The SEC alleged that investors were solicited by the Advisors after they had acquired the brokerage practices from retiring investment advisors or through a sale of their business. After the business was acquired investors were told that their funds would be invested in companies with guaranteed dividends returns. However, the SEC alleges that the defendants stole $20 million of investor funds, paid $38.5 million in Ponzi payments to other investors, and transferred the remainder in transactions that the SEC believes was unrelated to the companies’ claimed businesses.
The SEC provides an example of the Advisors use of stolen investor funds. The SEC alleges that Santillo used stolen money to fund a jet-setting lifestyle including paying for housing in multiple states, car leases, expenditures at a country club and a Las Vegas resort and casino. The SEC alleged that Santillo at a nightclub in Las Vegas commissioned a song about himself where the lyrics refer to (Perry) Santillo as “King Perry.” The song also allegedly contained lyrics concerning Santillo’s lifestyle with his stolen funds as: “pop the champagne in L.A., New York to Florida; buy another bottle just to spray it all over ya.”

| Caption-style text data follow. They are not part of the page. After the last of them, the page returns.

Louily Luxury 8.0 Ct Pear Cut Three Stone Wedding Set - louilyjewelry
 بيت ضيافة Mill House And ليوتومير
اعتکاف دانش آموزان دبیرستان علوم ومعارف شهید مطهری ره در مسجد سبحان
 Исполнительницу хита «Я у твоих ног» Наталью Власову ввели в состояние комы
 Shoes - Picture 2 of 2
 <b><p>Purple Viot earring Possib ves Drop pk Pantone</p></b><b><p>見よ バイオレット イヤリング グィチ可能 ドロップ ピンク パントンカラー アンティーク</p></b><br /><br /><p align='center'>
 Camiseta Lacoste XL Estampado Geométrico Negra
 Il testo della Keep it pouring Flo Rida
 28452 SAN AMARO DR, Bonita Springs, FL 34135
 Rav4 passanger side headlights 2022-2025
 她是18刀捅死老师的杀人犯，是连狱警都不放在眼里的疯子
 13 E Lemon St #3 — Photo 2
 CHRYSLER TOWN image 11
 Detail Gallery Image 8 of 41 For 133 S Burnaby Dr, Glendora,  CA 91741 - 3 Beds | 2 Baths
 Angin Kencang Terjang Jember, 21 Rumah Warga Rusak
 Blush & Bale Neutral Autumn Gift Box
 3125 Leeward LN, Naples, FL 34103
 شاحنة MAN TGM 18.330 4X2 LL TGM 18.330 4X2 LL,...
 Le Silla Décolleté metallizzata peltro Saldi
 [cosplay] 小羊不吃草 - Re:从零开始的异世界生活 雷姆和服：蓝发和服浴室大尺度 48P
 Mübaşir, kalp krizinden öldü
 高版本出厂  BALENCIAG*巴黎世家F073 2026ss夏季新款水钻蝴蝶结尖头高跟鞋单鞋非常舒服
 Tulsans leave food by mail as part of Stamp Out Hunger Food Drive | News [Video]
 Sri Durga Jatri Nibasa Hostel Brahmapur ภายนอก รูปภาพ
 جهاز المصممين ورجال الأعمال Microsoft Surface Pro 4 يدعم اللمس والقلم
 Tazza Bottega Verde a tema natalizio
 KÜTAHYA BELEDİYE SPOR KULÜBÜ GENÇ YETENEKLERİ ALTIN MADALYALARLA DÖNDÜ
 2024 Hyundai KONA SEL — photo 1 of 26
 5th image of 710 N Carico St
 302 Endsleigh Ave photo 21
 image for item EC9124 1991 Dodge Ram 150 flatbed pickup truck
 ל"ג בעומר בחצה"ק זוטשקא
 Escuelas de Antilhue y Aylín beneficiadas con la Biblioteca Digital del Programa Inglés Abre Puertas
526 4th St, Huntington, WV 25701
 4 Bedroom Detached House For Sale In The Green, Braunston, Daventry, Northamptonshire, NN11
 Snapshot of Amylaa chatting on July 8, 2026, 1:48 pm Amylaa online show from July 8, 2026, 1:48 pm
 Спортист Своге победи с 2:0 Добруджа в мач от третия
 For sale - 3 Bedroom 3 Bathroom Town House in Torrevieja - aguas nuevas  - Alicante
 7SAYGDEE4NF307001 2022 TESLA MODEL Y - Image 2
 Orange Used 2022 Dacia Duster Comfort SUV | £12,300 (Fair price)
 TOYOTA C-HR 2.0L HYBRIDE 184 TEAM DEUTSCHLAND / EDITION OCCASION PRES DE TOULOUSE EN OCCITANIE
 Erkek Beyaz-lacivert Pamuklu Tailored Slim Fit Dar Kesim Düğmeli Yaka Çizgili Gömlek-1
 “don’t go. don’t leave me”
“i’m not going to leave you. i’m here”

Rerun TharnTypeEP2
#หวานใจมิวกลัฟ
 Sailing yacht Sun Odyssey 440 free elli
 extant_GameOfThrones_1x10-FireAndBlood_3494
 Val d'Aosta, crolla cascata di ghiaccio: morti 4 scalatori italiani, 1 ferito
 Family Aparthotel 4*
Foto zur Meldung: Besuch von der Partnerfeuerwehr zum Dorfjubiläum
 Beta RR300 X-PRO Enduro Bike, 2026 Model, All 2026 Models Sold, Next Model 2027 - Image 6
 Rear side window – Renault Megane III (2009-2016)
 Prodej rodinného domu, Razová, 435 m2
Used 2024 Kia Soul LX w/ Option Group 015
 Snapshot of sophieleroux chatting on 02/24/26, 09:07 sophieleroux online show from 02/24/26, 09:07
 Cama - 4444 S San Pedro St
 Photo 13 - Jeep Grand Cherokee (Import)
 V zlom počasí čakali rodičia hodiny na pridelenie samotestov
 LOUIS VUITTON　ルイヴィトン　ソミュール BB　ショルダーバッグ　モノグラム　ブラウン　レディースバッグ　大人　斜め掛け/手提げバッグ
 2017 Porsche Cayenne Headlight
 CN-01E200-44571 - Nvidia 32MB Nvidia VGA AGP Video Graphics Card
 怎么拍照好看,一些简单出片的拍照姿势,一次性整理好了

If your investment advisor recommended investing with Perry Santillo, Christopher Parris, Paul LaRocco, John Piccarreto, or Thomas Brennen we would like to hear from you. The attorneys at Gana Weinstein LLP are experienced in representing investors in cases of investment fraud and brokerage firms failure to supervise their representatives. The federal securities laws and the FINRA rules require firms to monitor and supervise its employees in order to detect and prevent brokers from offering investments in this fashion. In order to properly supervise their brokers each firm is required to have procedures in order to monitor the activities of each advisor’s activities and interaction with the public. The sale of an advisor’s business to unscrupulous persons occurs where brokerage firms either fail to put in place a reasonable supervisory system or fail to actually implement that system.